If you Google the phrase, “Woman on the cover of,” what images do you think come up? The results are very similar-looking images. You see a female actress, musician, athlete or starlet sprawled across the cover, barely dressed, and provocatively posing. This is a hyper-sexualized portrayal of women’s bodies that has become the focal point for our patriarchal capitalist society. I had never thought much about what magazine covers represented, or how these images affected me, until I took some Communication courses in college. I was, and in many ways still am, a pawn in the marketing of young women who buy magazines such as Cosmopolitan and Vogue. How could I ever begin to resist and change these images?
It is far easier to do so than I first imagined. The process began with deconstructing or engaging in an “oppositional gaze” at what I saw in these photographs. The magazine cover that really sticks out to me involved a photo shoot for British GQ, which featured Lana Del Ray, a pop musician. The cover showed Del Ray sitting on the ground with her knees tucked up toward her chest and her arms clasped around her legs. Her hair, makeup, and accessories are completely done up, but she is undressed. In fact, her legs are positioned to cover her naked body. This image fixes Del Ray as a sexual object to be looked at. Renowned black feminist writer Bell Hooks would attribute this provocative use of Del Ray’s image as a way to “sell a product” in white patriarchal capitalist culture. Hooks points out that black women are even more often portrayed in media as the “jezebel” or prostitute than is white womanhood. Therefore she calls for black female spectators to oppose these images through an oppositional gaze. But why does GQ, a magazine for men, portray women this way?

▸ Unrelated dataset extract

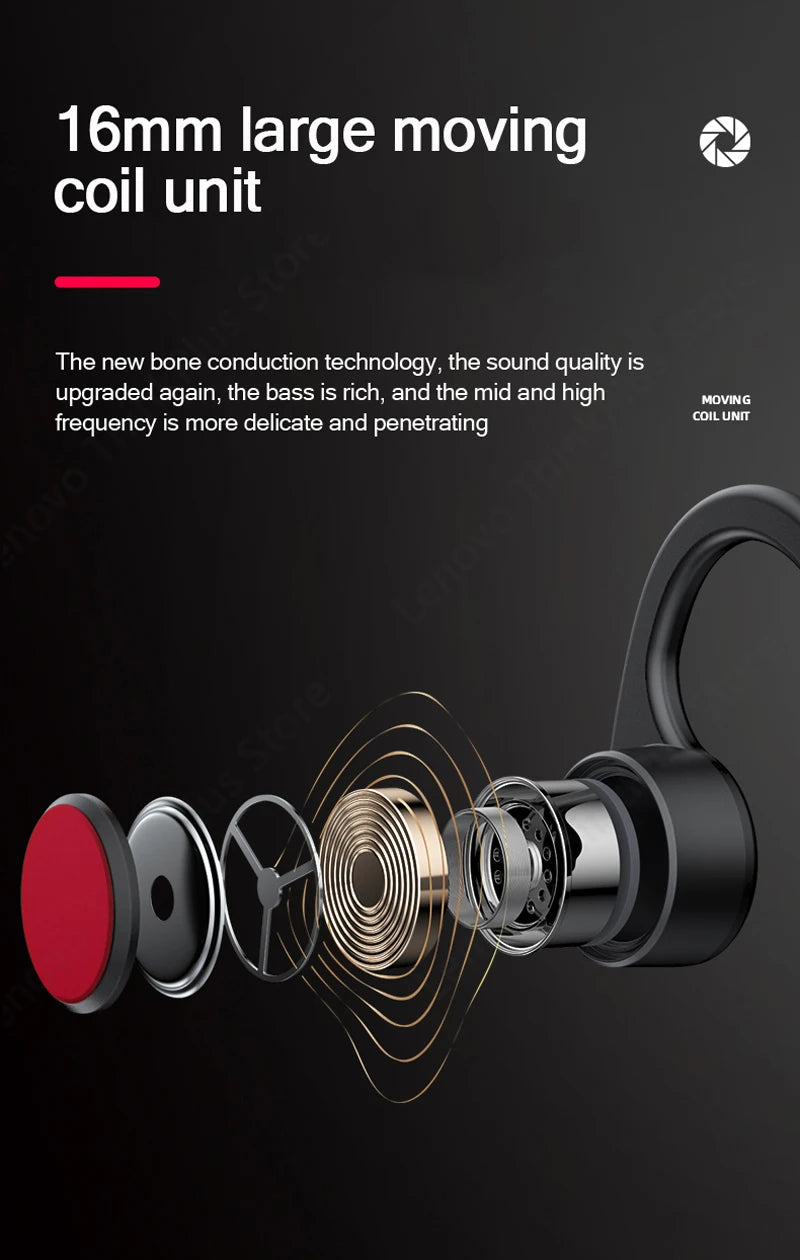 Lenovo-auriculares de conducción ósea X3 Pro, cascos inalámbricos con gancho para la oreja, Bluetooth, Hifi, con micrófono, resistentes al agua
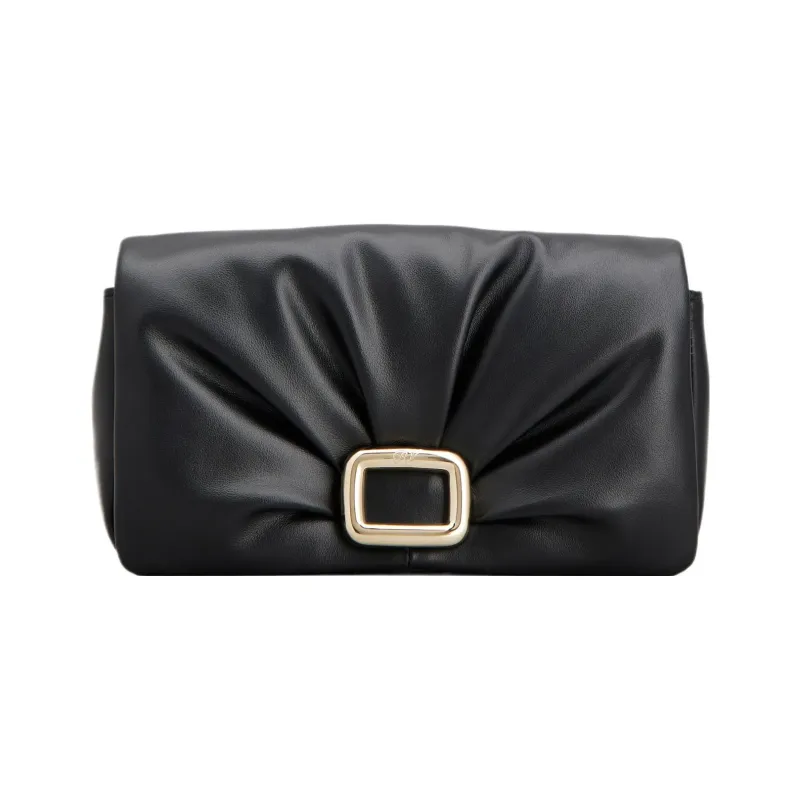Roger Vivier Leather One Shoulder Crossbody Cell Phone Pouch Regular Women's Black-0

Laura Mulvey theorized the concept of the oppressive “male gaze” by examining famous films. She found women are usually displayed as erotic spectacles: from pin-ups to the striptease, woman’s role is to play to make desire. No matter if viewers are men or women, they see women this way and expect them to act accordingly. I agree that we live in a world where women are pressured to fit this image. So much of what we see on television and in magazines, like GQ, are women wearing tight short dresses (if they’re wearing clothes at all) and walking by a crowd where everyone turns their heads to look at her. This also occurs in everyday life at Keene State College when girls are stared at on Appian Way or at parties.
But women like me are not objects that are just meant to attract the “male gaze.” We do no not exist to be controlled by this idea that everything we do is done to please men. Cases like Del Ray’s GQ cover must end. Media have to focus on showing women in stronger and more favorable lights just like their male counterparts. A healthy society starts with a healthy relationship between the viewer and the subject, and an oppositional look at Hollywood starlets could spark this change.